Sunday, June 21, 2009

Canada: Govt has released draft legislation for police interception of Internet traffic

[afp] The Canadian government on Thursday unveiled new legislation to allow police to intercept data sent over the Internet and access web subscriber information in order to fight cybercrimes.

"High tech criminals will be met by high tech police," said Public Safety Minister Peter Van Loan.

The proposed Technical Assistance for Law Enforcement in the 21st Century Act would require Internet service providers to add interception capabilities in their networks.

Providers would also be required to provide basic subscriber information to law enforcement agencies and to the Canadian Security Intelligence Service, upon request.

However, authorities would still have to obtain a warrant to intercept communications or to access subscriber information.

"Evolving communications technologies like the Internet, cell phones, and personal digital assistants clearly benefit Canadians in their day-to-day lives," commented Justice Minister Rob Nicholson.
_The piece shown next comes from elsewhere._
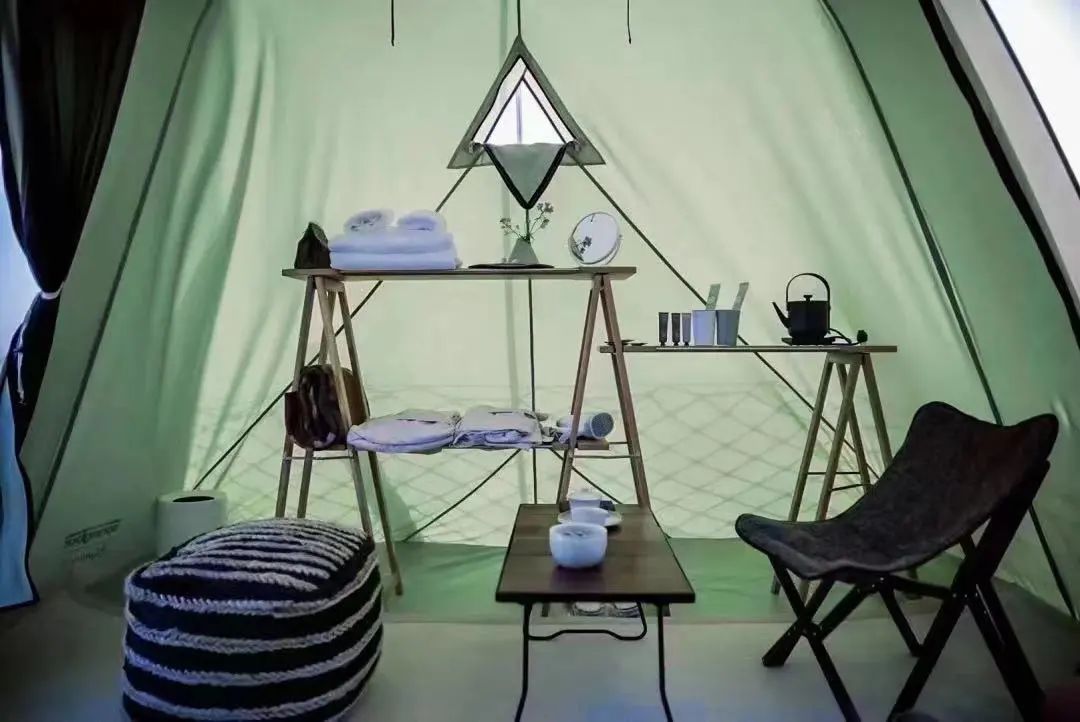 悦享宁波｜在奉化，赴一场与秋天的约会休闲区蓝鸢梦想 - Www.slyday.coM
"Unfortunately, these technologies have also provided new ways of committing crimes such as distributing child pornography," he said. "We must ensure investigators have the necessary powers to trace and ultimately stop crimes."

Police groups applauded the bill, while privacy advocates denounced it.

Other countries, such as the United Kingdom, the United States, Australia, New Zealand, Germany and Sweden, already have similar legislation in place.